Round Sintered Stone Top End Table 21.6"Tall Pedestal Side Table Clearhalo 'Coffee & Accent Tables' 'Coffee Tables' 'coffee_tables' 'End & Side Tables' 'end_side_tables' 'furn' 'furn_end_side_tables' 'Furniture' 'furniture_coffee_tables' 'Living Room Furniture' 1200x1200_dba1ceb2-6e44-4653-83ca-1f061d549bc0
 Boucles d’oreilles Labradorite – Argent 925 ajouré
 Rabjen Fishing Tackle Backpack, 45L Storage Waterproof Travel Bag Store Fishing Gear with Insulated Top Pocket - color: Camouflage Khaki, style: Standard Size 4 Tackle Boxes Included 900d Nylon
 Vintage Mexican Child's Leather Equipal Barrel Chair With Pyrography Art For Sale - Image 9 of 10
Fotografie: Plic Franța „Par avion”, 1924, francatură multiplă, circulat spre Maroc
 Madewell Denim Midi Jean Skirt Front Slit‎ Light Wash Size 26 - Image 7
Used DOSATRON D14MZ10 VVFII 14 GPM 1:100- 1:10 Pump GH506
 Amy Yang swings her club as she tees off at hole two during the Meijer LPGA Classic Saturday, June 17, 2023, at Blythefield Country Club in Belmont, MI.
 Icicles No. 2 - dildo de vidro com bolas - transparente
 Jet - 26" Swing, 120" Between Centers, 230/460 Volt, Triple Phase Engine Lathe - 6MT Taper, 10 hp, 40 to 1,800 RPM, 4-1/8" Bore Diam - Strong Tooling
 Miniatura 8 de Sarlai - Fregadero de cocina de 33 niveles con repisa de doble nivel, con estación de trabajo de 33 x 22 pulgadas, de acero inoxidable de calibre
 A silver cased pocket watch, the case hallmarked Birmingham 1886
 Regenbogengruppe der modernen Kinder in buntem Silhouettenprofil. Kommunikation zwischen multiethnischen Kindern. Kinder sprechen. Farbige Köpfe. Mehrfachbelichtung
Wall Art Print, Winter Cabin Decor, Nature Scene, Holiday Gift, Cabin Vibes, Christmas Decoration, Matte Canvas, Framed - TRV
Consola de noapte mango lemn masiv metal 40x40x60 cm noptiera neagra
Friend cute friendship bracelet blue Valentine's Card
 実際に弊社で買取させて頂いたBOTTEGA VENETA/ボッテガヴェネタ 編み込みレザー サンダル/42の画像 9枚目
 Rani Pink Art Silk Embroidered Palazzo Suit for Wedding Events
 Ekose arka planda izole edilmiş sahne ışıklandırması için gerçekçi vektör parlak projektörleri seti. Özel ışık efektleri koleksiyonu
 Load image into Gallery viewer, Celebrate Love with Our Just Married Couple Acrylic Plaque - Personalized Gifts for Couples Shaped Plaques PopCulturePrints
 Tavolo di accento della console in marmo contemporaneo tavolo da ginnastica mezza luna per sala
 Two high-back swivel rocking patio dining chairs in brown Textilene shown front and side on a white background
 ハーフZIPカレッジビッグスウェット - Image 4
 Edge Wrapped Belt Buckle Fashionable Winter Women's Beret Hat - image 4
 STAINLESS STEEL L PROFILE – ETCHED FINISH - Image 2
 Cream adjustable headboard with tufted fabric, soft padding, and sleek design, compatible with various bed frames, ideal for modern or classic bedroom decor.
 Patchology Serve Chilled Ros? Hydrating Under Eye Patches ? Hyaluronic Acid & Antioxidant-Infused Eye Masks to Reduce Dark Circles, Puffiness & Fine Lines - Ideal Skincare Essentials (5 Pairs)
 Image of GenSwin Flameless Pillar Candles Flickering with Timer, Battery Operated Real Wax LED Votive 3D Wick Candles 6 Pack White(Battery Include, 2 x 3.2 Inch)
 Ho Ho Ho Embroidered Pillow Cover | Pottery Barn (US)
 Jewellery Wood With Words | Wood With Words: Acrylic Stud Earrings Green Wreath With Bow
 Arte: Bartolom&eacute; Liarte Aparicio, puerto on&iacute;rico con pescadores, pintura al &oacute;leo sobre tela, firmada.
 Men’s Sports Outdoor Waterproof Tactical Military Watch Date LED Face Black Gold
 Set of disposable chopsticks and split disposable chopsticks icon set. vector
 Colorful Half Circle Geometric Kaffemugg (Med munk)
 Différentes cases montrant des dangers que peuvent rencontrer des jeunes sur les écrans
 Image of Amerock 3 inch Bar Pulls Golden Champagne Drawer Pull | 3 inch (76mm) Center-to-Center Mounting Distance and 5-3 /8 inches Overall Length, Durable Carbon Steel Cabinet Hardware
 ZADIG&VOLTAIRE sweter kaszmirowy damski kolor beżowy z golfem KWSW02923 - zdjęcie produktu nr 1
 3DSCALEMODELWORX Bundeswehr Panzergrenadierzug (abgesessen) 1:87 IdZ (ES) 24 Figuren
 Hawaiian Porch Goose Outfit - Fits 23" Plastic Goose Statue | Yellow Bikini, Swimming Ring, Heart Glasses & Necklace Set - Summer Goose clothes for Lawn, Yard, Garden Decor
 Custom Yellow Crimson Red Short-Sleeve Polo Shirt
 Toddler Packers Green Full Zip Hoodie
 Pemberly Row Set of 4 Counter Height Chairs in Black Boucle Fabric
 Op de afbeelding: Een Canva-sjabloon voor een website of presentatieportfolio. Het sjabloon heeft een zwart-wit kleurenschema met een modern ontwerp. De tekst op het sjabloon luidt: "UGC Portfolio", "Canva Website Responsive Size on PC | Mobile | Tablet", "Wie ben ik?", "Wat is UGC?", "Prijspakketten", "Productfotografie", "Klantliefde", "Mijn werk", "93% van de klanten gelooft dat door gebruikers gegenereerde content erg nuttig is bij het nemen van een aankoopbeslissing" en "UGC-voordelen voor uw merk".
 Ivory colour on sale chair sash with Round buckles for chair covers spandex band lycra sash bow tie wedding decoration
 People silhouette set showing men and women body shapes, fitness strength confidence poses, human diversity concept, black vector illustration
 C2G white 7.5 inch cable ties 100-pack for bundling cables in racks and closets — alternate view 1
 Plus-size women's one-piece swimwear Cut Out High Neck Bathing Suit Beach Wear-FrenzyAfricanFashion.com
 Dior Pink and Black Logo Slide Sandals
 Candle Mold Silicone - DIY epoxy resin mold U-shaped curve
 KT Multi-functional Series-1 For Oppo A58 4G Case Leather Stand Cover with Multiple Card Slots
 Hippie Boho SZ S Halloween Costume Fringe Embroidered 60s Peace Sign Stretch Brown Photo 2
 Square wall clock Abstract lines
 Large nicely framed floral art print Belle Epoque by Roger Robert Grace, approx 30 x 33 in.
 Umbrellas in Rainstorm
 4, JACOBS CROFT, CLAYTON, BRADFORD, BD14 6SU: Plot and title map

════════════════════

= TASK DIRECTIONS =
The exact lines of the material above starting at the one that contains "Edge Wrapped Belt" and ending at the one that contains "Colorful Half Circle" are what to retype; leave out everything else.

= EXPECTED OUTPUT =
 Edge Wrapped Belt Buckle Fashionable Winter Women's Beret Hat - image 4
 STAINLESS STEEL L PROFILE – ETCHED FINISH - Image 2
 Cream adjustable headboard with tufted fabric, soft padding, and sleek design, compatible with various bed frames, ideal for modern or classic bedroom decor.
 Patchology Serve Chilled Ros? Hydrating Under Eye Patches ? Hyaluronic Acid & Antioxidant-Infused Eye Masks to Reduce Dark Circles, Puffiness & Fine Lines - Ideal Skincare Essentials (5 Pairs)
 Image of GenSwin Flameless Pillar Candles Flickering with Timer, Battery Operated Real Wax LED Votive 3D Wick Candles 6 Pack White(Battery Include, 2 x 3.2 Inch)
 Ho Ho Ho Embroidered Pillow Cover | Pottery Barn (US)
 Jewellery Wood With Words | Wood With Words: Acrylic Stud Earrings Green Wreath With Bow
 Arte: Bartolom&eacute; Liarte Aparicio, puerto on&iacute;rico con pescadores, pintura al &oacute;leo sobre tela, firmada.
 Men’s Sports Outdoor Waterproof Tactical Military Watch Date LED Face Black Gold
 Set of disposable chopsticks and split disposable chopsticks icon set. vector
 Colorful Half Circle Geometric Kaffemugg (Med munk)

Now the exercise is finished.